Wrote Mr. Hefner in the first issue, "We enjoy mixing up cocktails and an hors d'oeuvre or two, putting a little mood music on the phonograph, and inviting a female acquaintance for a quiet discussion on Picasso, Nietzsche, jazz, sex."


Whether or not discussion with female acquaintances was on the menu, ogling them certainly was. And the Playboy man looked pretty good too, thanks to Hef's fashion tips.


"The solution to the world's problems is to get material things to more people—to give everybody the Good Life," Mr. Hefner told The Wall Street Journal in 1971.


The party kept growing at the upstart publication. Mr. Hefner divorced his first wife in 1959 and moved into the first Playboy Mansion, in Chicago.


Soon there was the first Playboy Club, and a Playboy TV show that featured black jazz artists mingling with white musicians—a rarity in those days. By the 1970s, Mr. Hefner was jetting around the country in the Big Bunny, a customized black DC-9.

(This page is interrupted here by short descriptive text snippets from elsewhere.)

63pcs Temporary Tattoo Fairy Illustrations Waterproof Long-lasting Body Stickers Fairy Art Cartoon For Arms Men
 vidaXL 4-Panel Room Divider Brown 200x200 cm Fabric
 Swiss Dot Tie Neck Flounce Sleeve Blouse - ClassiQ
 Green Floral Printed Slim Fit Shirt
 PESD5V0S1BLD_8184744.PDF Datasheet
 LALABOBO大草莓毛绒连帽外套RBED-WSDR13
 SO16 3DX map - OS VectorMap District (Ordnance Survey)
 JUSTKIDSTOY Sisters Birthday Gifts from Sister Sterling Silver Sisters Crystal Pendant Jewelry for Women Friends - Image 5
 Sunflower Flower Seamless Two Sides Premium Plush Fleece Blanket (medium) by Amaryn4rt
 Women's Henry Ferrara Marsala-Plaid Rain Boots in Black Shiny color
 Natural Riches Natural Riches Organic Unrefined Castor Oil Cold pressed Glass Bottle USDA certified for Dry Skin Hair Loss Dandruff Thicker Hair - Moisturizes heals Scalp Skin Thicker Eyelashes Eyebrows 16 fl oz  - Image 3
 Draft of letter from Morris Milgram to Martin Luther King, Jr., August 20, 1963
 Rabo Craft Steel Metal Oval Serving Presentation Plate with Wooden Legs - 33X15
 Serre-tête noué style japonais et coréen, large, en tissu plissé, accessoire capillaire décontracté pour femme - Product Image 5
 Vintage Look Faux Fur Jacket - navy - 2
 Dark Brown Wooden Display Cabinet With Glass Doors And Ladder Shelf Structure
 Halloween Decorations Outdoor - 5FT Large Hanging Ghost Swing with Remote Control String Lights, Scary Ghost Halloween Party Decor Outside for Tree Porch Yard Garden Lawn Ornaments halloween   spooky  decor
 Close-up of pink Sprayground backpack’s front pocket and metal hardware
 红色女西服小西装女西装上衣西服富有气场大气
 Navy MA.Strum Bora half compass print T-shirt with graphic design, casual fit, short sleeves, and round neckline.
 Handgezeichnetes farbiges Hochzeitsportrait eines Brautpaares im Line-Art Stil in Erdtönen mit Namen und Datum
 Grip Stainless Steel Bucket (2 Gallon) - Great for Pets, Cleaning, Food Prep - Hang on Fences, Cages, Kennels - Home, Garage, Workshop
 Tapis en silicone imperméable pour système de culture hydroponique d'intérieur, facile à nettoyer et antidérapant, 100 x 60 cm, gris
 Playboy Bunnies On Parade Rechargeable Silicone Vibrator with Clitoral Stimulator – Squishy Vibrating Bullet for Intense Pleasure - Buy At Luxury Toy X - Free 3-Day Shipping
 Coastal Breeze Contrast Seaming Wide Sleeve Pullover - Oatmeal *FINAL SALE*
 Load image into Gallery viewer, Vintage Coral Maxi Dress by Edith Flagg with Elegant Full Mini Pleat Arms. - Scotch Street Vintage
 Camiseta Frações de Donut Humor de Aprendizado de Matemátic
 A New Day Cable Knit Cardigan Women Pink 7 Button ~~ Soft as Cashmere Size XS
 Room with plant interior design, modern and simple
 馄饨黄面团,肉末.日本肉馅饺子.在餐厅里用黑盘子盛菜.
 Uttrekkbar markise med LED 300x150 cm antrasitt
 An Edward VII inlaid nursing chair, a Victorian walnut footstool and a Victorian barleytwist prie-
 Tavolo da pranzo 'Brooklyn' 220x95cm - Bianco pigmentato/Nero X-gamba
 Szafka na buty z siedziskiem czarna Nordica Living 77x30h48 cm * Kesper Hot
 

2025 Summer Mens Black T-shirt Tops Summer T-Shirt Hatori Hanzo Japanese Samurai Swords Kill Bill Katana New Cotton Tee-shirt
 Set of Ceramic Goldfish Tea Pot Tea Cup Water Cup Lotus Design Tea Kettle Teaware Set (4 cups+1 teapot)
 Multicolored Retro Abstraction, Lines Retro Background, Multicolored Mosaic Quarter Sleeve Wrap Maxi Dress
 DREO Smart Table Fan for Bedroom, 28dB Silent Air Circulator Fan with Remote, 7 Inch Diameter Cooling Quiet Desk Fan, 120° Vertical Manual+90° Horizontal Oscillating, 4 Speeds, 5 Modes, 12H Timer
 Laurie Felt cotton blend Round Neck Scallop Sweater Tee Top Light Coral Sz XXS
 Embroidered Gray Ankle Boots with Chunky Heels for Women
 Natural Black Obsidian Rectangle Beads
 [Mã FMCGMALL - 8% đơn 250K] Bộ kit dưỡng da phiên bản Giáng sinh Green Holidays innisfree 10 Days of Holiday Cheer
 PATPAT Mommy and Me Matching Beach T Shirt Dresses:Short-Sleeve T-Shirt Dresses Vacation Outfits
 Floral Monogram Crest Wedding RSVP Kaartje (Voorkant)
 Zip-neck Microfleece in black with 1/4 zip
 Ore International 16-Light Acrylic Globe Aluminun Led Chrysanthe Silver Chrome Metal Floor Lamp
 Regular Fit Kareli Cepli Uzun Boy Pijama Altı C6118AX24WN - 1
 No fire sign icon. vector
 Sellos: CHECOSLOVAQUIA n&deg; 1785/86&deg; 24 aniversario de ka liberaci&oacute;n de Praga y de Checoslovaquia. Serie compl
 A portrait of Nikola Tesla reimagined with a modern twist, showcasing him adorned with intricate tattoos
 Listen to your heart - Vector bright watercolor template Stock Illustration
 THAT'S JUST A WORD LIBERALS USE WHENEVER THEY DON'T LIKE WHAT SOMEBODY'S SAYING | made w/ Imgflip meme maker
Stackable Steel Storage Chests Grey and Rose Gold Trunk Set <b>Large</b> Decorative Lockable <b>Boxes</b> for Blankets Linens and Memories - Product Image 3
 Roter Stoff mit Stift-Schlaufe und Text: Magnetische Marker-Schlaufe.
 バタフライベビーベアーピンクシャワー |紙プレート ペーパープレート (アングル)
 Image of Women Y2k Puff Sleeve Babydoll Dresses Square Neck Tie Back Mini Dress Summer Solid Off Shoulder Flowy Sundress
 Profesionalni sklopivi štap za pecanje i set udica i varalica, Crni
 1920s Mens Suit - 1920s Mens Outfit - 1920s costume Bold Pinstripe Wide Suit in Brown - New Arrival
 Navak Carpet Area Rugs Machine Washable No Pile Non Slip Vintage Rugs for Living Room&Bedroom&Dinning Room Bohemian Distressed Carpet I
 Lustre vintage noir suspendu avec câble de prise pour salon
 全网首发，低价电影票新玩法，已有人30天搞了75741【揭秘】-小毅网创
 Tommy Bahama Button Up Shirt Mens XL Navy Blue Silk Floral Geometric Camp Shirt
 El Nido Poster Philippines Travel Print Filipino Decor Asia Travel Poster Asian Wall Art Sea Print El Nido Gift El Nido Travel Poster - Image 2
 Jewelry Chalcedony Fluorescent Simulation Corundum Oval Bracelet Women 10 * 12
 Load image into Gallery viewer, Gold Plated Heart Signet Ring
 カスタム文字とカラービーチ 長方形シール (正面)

But mostly he stayed home at the mansion, clad externally in pajamas and working on the magazine in binges fueled by dexedrine and Pepsi. Never much interested in the business side of things, he turned the company over to his daughter, Christie Hefner, in the 1980s. Not until 2011 did he return to rescue what remained, taking the magazine private in a deal valued at $200 million. By then most of Playboy's still-substantial revenue was generated by licensing deals rather than circulation or affiliated businesses.


It has been observed that the models in Playboy didn't change much over the years, mainly top-heavy blondes that Mr. Hefner insisted were the aesthetic equivalent of "the girl next door," albeit without pores. Also unchanging was Mr. Hefner's taste in music (big-band jazz), or in much of anything else.


Weeks at the mansion were tightly regimented. Each night was devoted to a specific amusement: cards one night, backgammon the next. Friday was classic-movie night, when he screened oldies—Casablanca was his favorite movie.


A rotating series of official girlfriends moved through the scene. He kept them on salary (except for a 10-year period when he remarried and was, he claimed, faithful to his wife). In later years he became a vocal advocate of Viagra.


But the prophet of libidinal fulfillment could seem melancholy.


"I never found the ultimate soulmate," he told the Hollywood Reporter in 2011. He would lie in death next to Marilyn Monroe, his first centerfold; he had long since purchased a mausoleum next to hers.


Free pornography had long left Playboy in the dust, and the magazine's pictorials—still chosen by Hef until the end—had a retro feel; even its cable channel specialized in a product more smutty than hardcore.


Among Mr. Hefner's regrets was that feminists never really cottoned to his message of personal liberation, despite the voluminous Playboy Philosophy that he cobbled together in the magazine's early days.


Feminists had a point when they claimed that Playboy objectified them, much as it displayed calfskin-lined ice buckets and single-malt Scotch. But Mr. Hefner had a point that the magazine helped lead the fight for personal autonomy in speech, sex, and just about everything else.


'Twas ever thus. Hugh Hefner and his fantastically popular magazine encapsulated many of the struggles and much of the bliss of postwar America, struggling with its newfound freedoms.


"I started a magazine that changed everything," he told Esquire in 2013.